Dive Brief:
- Kellogg Co. said it will appeal the National Labor Relations Board's finding concerning a 2013 Memphis, MI, employee lockout. The board said the lockout was illegal, nine months after an administrative law judge said the lockout was legal.
- The incident in question happened October 2013 to August 2014, when Kellogg locked out more than 200 employees due to "a breakdown in labor negotiations over so-called casual employees and a dispute over whether the proposal for lower-paid workers was allowed to be negotiated outside of its master contract," Battle Creek Enquirer reported.
- Per the NLRB's ruling, the locked-out employees will now receive all earnings and benefits lost due to the lockout, which Kellogg is now ordered to pay.
Dive Insight:
The company last week reported a 44% plunge in earnings for the first quarter.
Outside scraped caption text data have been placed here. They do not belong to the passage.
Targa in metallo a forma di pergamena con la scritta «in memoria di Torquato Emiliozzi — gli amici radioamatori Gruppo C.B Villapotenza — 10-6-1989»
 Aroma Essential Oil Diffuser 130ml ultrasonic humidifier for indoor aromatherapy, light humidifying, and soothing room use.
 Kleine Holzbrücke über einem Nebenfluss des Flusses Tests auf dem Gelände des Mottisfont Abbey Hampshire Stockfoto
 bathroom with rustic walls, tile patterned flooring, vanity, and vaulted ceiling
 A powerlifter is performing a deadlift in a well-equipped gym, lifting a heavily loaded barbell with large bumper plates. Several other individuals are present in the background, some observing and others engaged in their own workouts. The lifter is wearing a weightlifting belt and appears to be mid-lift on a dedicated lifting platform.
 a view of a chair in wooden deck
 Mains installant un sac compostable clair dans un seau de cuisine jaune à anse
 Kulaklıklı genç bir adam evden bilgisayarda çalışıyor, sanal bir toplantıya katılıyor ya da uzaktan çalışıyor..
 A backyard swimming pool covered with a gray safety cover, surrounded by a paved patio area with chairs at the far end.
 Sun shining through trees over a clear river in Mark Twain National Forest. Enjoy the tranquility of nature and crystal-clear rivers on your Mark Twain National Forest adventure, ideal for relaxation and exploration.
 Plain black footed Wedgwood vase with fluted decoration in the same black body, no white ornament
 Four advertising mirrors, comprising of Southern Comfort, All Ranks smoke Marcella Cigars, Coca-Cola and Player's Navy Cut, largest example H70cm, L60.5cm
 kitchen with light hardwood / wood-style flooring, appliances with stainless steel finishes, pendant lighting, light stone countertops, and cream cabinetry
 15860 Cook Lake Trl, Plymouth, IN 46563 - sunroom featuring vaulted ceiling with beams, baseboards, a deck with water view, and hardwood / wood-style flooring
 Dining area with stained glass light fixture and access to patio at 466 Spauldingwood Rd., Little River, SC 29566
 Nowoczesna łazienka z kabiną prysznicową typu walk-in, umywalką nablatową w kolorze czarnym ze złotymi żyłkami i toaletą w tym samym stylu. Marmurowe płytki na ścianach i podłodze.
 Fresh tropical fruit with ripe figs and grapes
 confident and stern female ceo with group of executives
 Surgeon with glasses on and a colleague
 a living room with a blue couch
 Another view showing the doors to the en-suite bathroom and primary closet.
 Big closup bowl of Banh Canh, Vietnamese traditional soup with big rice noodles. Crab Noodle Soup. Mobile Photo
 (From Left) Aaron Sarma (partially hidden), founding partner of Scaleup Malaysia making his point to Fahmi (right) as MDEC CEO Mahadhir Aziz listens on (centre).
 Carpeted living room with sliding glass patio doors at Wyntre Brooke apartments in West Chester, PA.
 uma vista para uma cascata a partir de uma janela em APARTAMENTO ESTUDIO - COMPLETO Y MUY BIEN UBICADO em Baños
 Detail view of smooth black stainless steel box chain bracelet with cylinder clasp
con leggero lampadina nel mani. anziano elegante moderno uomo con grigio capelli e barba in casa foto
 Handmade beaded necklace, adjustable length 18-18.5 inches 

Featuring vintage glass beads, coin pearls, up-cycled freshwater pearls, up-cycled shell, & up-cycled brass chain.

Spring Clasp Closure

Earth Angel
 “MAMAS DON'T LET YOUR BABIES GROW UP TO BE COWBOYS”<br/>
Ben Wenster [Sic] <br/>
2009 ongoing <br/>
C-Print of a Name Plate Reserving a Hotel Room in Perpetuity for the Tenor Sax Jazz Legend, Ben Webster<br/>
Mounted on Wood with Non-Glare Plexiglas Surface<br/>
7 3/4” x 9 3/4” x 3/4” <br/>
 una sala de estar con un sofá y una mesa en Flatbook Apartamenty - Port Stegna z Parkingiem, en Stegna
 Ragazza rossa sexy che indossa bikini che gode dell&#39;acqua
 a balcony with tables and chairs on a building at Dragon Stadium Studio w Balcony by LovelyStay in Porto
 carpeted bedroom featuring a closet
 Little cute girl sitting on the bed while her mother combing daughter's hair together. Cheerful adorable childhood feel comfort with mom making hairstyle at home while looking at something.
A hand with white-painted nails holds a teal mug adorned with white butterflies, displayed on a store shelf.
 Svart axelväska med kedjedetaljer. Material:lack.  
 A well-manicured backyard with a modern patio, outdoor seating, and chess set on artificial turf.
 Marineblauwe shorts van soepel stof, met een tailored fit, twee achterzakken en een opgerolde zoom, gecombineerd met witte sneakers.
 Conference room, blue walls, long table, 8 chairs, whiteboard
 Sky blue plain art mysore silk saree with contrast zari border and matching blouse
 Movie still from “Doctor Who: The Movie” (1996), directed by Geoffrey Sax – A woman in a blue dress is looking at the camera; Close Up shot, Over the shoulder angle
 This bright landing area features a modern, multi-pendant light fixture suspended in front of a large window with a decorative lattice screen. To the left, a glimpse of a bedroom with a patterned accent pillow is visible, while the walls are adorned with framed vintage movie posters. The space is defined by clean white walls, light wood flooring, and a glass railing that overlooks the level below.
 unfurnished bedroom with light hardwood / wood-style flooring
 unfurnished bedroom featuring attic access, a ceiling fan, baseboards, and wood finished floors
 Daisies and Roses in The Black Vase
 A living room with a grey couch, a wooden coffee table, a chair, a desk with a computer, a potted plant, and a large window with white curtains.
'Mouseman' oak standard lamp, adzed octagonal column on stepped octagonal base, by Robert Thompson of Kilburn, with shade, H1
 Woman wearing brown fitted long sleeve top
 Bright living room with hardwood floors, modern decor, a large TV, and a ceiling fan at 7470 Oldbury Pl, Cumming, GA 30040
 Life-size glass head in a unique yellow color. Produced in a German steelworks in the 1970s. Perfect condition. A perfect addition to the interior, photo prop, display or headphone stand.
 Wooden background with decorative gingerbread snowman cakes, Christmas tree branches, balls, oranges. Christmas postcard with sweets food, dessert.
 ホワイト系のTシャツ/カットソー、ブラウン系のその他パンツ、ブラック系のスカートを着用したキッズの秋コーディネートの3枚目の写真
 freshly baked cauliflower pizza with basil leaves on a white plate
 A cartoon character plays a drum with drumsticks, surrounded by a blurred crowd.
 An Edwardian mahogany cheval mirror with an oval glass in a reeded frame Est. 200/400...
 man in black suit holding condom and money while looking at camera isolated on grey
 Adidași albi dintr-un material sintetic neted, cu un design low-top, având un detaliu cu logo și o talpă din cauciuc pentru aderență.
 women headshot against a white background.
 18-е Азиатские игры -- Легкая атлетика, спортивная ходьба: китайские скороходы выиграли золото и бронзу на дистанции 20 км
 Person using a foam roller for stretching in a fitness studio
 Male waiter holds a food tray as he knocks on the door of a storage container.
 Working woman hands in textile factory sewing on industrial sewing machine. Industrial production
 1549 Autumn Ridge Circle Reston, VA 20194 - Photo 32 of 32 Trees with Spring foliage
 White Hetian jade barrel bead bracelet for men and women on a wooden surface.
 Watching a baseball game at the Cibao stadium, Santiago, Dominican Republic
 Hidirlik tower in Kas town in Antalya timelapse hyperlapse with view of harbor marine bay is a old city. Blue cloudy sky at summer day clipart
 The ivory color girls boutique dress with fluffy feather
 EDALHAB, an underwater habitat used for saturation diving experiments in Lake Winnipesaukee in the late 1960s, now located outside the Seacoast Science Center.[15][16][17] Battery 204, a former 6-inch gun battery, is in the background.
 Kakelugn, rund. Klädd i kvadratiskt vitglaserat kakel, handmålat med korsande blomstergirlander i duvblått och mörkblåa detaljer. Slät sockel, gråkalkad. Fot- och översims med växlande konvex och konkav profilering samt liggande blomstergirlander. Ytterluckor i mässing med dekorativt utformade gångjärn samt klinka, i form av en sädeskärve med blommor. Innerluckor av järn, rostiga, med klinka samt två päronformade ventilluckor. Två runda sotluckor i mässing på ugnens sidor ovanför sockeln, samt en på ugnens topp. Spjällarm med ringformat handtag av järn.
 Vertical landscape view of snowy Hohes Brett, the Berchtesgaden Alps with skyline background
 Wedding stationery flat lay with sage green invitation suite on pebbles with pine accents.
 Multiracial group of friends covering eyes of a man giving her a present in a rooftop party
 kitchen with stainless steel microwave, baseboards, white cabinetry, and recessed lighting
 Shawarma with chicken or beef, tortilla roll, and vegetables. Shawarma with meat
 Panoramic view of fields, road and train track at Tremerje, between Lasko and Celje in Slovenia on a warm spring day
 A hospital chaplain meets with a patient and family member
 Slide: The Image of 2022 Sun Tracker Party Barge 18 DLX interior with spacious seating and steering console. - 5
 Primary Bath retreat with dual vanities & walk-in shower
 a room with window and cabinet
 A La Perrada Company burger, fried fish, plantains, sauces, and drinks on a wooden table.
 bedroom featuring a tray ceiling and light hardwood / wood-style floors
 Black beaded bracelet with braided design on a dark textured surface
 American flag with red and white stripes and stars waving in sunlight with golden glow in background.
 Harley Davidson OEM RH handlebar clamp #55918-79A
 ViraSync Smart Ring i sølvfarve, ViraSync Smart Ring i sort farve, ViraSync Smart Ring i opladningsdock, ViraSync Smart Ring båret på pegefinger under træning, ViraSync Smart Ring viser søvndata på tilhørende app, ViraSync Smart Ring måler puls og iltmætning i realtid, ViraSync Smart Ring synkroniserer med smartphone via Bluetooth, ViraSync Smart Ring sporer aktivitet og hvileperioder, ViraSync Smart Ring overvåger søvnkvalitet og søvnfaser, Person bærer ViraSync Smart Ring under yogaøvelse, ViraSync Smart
Kellogg also recently announced it would be closing its frozen foods plant in Clearfield, UT, as part of its Project K cost-cutting and efficiency-promoting initiative.
Cuts have also included shuttering a Georgia snack factory, North Carolina snack plant, and Ontario cereal plant. Outside of the U.S., however, Kellogg is expanding its cereal plant in Belleville, Ontario, and also achieved a majority stake in Egyptian packaged biscuits company Bisco Misr.